Terror Management Theory

The Denial of Death was a book written by cultural anthropologist Ernest Becker in 1973. It introduced a theory that could be applied cross-culturally to explain the observation of violence in response to ideas of one’s own death. Concepts in this book were later developed and empirically tested by Jeff Greenberg, Tom Pyszczynski, and Sheldon Solomon in the late 1980s. What they found was interesting. The implications of this research, which has now been replicated hundreds of times around the world to test for validity, are huge. Applying this theory to history can help to understand some of the large scale violence and oppression that has occurred around the world.
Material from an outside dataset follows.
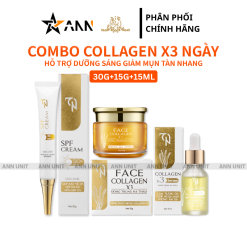 Combo Kem Face Ngày Collagen X3 TN Mỹ Phẩm Đông Anh - CBFACEX3TNNGAY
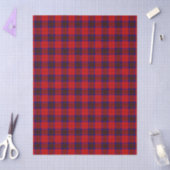 Leslie tartan red blue paars plaid tissuepapier (Craft)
A better understanding of these phenomenon can help to build a future that takes steps to avoid such occurrences.

Topics in this project will include: Violence during the Black Death, Violence during and after the American Civil War, abolition movements in the United States, and more.

What is Terror Management Theory?

Terror Management Theory is the idea that death brings a looming anxiety which, when presented, must be dealt with. Individuals manage to avoid thinking of death in many day to day instances but employ defense mechanisms when reminded. In response to the reminder of one’s own mortality, one responds in either a creative or destructive way. As biological beings who are aware of their own impending deaths, people attempt to escape death by redefining the problem. Immortality projects are formed in creative ways through literally surviving forever, which is to believe there is an immaterial soul that survives biological death. Individual death can also be avoided by creating Earthly things which will last long after one’s death such as, reproducing, creating a legacy, creating great art, and having done things that impact the course of history. Culture is another way to escape death. It allows people to become a small part of a greater self, one that has the potential to last forever. Culture establishes a structure which individuals can compare themselves with and contribute to. Societal norms dictate what it means to be a successful member, what goals to achieve, and a means for achieving those goals. Often individuals compete within cultures with things like money or influence, to establish a sense of personal and group worth.

What are Threats to Immortality?

“The first component of TMT states, individuals need to sustain faith in a meaningful worldview. The second states that individuals need to feel as if they are valuable protected members objects of significance within this worldview”[1] When these components are questioned or suspected to be wrong, a threat is presented. Other cultures, ideologies, and worldviews, similarly present a threat to immortality models. The idea that other groups hold different ideas about the nature of reality and meaning of life are threatening because they suggest the possibility for one’s own ideas to be wrong. If one’s ideas about immortality are wrong, then the individual’s immortality model becomes unsustainable. When faced with a substantial threat, a four step process emerges “The first is to dismiss a person or culture as an inferior form of life”[1] When the conflicting cultures are observed to be successfully upholding other immortality views, dismissal is often not enough to cope with the possibility the other group could be right. The second method is assimilation. When a culture cannot dismiss another, it tries to find common ground and merge the ideologies together to minimize differences. An example of this is mainstream America incorporating aspects of the counterculture movement such as blue jeans or natural granola bars, which were originally intended to rebel against society. “Mainstream America adopted appealing aspects of the counterculture and cut off the threatening aspects. In effect, designer blue jeans and highly processed granola bars became popular which twisted their original meaning.”[1] However assimilation usually fails in major areas of belief and differences cannot be resolved. The third method is accommodation. To compete with other views, it is empowering to have more subscribers that reinforce one’s own view. This is most evident in the of practice of missionaries. By gaining more followers or achieving higher levels of conformity, individuals become more convinced their own worldview is correct. The 4th and final method of dealing with a cultural threat, is annihilation. When all else fails the only other way to deal with the threat is to destroy it. This destruction can be through actual physical violence, destruction of ideas, or changes in ways of life.

  1. Jeff Greensburg, Sheldon Solomon, Flight from Death. Transcendental Media, 2005. Film.